** Data for review follows **
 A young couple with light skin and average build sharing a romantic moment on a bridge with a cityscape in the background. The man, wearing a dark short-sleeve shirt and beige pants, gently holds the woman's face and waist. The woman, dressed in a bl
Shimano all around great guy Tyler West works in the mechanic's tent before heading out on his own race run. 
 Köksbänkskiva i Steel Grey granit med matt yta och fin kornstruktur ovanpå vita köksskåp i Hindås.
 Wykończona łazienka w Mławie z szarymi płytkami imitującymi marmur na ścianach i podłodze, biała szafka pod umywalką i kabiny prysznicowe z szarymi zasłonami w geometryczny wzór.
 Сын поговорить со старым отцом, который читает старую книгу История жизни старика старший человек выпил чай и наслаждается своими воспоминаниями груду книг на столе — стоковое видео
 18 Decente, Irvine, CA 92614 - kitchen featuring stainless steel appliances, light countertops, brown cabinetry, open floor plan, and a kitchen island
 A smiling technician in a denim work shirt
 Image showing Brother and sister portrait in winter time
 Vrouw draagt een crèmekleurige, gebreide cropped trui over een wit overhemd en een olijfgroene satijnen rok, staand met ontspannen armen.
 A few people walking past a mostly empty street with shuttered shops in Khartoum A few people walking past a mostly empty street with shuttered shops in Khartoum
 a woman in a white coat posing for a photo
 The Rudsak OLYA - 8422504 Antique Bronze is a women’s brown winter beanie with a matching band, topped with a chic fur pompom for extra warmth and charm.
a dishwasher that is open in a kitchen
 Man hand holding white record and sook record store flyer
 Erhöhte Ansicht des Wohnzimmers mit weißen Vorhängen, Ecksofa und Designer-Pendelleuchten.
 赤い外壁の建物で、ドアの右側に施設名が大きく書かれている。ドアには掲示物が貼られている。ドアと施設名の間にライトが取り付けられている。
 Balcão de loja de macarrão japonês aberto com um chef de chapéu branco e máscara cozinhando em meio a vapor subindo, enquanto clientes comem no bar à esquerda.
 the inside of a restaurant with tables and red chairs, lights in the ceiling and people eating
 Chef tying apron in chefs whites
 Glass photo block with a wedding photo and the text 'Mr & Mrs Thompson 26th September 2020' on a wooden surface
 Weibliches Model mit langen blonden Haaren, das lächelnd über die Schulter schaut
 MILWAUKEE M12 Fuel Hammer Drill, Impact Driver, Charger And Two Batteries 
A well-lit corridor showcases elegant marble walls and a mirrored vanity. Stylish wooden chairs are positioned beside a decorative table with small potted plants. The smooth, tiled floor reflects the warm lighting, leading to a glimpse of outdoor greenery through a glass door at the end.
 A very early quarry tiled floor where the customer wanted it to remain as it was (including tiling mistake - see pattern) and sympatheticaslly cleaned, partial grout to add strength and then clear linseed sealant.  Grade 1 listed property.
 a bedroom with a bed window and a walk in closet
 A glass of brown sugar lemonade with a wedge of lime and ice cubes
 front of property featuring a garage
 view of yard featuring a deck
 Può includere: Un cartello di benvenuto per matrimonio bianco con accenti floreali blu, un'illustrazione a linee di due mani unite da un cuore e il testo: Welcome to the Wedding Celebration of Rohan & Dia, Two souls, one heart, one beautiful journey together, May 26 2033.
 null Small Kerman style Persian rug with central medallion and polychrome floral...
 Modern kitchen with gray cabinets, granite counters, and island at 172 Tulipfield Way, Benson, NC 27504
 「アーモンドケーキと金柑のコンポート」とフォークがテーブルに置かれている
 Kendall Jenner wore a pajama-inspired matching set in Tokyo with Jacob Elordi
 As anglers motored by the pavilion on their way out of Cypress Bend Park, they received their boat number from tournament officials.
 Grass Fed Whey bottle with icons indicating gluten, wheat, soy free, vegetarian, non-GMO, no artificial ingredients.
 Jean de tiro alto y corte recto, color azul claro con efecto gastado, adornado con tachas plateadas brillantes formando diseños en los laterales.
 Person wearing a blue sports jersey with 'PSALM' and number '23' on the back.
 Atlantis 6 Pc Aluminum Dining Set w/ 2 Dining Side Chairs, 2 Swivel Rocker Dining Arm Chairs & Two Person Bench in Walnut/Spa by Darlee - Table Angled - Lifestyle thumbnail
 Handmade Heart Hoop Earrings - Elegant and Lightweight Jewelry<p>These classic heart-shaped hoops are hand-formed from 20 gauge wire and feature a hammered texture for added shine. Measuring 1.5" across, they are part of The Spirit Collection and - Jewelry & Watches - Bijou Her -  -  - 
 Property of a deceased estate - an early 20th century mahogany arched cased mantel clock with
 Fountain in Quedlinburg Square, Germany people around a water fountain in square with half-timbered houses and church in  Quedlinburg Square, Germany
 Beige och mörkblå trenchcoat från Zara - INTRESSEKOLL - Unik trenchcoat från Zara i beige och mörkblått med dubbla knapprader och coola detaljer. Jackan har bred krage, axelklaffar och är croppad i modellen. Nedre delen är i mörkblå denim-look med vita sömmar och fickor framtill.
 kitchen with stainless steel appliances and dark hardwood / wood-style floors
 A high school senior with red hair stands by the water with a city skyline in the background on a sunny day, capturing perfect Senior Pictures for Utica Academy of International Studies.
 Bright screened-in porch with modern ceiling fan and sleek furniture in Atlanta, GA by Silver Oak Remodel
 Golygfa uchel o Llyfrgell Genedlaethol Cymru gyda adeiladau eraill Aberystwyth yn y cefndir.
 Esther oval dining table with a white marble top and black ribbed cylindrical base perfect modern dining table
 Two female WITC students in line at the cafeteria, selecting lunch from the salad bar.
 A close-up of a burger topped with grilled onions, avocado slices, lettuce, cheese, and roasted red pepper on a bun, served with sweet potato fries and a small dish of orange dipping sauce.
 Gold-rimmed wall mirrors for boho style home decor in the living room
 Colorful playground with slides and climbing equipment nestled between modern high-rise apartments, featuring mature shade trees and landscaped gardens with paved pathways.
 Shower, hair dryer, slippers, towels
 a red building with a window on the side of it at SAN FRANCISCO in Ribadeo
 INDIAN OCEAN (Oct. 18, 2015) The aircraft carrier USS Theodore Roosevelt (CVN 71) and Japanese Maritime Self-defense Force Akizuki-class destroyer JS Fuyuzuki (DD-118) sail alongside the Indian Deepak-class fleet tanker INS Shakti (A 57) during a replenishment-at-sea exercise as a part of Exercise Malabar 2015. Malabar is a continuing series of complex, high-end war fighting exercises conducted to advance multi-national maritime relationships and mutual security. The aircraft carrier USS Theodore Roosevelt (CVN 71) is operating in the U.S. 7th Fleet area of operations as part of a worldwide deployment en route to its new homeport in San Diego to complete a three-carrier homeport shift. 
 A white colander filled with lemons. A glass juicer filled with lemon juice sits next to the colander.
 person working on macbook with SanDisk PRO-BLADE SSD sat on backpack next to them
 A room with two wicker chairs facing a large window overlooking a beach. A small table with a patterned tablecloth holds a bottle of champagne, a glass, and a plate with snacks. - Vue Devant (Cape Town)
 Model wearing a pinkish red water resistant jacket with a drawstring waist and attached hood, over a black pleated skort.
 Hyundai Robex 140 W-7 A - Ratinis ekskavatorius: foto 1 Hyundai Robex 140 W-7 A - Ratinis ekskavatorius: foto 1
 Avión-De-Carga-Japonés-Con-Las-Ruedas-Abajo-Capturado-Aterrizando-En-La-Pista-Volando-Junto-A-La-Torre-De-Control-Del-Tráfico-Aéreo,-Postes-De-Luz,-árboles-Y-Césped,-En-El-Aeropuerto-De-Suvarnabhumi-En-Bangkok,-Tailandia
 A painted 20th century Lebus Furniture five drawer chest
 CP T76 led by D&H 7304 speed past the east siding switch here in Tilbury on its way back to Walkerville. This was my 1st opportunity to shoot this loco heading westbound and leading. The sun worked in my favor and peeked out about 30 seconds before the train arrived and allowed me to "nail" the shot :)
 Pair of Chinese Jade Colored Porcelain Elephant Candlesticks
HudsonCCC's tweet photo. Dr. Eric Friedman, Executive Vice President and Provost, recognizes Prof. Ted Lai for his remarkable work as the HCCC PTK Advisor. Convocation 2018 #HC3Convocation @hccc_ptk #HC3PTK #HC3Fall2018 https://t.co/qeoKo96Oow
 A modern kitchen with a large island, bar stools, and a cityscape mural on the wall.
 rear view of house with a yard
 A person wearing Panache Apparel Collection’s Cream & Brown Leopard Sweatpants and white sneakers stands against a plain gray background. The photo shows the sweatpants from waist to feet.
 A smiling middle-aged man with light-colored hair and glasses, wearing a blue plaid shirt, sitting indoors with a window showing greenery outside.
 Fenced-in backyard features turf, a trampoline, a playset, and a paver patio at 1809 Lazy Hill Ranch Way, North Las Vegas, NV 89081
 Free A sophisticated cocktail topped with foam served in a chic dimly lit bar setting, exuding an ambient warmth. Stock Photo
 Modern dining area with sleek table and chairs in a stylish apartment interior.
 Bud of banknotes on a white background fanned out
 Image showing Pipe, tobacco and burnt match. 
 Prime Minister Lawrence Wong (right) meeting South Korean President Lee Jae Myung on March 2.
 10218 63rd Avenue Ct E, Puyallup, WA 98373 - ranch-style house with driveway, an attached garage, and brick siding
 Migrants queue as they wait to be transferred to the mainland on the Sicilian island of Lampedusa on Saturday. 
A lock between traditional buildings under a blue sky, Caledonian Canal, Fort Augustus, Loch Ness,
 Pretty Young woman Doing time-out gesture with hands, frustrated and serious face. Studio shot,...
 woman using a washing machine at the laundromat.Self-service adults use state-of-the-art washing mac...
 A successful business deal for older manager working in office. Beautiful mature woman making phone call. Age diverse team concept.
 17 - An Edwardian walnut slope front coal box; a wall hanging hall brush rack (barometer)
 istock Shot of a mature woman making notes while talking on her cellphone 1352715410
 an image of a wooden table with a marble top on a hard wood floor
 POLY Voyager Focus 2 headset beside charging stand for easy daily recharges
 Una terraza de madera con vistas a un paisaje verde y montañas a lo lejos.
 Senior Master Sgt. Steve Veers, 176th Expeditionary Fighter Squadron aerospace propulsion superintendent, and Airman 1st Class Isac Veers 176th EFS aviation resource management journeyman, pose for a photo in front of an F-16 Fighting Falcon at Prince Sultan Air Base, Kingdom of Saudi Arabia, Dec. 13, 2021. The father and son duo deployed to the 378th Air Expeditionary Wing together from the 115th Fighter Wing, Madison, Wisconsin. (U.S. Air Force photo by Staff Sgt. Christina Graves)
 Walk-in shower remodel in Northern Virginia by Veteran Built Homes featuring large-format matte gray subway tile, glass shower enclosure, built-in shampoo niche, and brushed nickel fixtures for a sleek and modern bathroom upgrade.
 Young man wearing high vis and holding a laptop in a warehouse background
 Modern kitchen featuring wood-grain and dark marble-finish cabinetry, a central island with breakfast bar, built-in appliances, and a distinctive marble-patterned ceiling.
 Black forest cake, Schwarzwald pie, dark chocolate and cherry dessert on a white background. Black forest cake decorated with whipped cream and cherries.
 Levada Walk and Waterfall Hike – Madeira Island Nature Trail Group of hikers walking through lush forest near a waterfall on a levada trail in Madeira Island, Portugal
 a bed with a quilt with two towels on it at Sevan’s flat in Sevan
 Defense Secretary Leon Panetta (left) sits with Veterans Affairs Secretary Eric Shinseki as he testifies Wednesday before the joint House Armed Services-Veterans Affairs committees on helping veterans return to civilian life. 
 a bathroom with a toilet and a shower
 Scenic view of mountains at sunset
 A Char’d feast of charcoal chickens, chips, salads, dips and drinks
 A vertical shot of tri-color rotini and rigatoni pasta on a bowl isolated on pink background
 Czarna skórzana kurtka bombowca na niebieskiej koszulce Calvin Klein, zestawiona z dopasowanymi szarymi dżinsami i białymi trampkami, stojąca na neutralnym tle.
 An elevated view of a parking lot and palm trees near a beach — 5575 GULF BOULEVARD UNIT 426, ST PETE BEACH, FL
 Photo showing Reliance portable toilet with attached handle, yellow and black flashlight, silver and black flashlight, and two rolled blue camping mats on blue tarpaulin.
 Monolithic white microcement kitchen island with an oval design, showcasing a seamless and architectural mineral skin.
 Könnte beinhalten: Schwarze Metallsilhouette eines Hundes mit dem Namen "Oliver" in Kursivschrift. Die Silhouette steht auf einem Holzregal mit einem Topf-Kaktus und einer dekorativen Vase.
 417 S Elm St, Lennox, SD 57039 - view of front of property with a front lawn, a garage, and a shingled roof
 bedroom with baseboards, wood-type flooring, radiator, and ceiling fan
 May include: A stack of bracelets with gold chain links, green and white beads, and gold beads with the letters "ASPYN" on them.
** End of Data for review **
*What to do*
Everything above from the line containing "a red building" down to the line containing "Hyundai Robex 140 W-7 A - Ratinis ekskavatorius: foto 1 Hyundai" is to be transcribed exactly, with both of those lines included and nothing else added.

*Solution*
 a red building with a window on the side of it at SAN FRANCISCO in Ribadeo
 INDIAN OCEAN (Oct. 18, 2015) The aircraft carrier USS Theodore Roosevelt (CVN 71) and Japanese Maritime Self-defense Force Akizuki-class destroyer JS Fuyuzuki (DD-118) sail alongside the Indian Deepak-class fleet tanker INS Shakti (A 57) during a replenishment-at-sea exercise as a part of Exercise Malabar 2015. Malabar is a continuing series of complex, high-end war fighting exercises conducted to advance multi-national maritime relationships and mutual security. The aircraft carrier USS Theodore Roosevelt (CVN 71) is operating in the U.S. 7th Fleet area of operations as part of a worldwide deployment en route to its new homeport in San Diego to complete a three-carrier homeport shift. 
 A white colander filled with lemons. A glass juicer filled with lemon juice sits next to the colander.
 person working on macbook with SanDisk PRO-BLADE SSD sat on backpack next to them
 A room with two wicker chairs facing a large window overlooking a beach. A small table with a patterned tablecloth holds a bottle of champagne, a glass, and a plate with snacks. - Vue Devant (Cape Town)
 Model wearing a pinkish red water resistant jacket with a drawstring waist and attached hood, over a black pleated skort.
 Hyundai Robex 140 W-7 A - Ratinis ekskavatorius: foto 1 Hyundai Robex 140 W-7 A - Ratinis ekskavatorius: foto 1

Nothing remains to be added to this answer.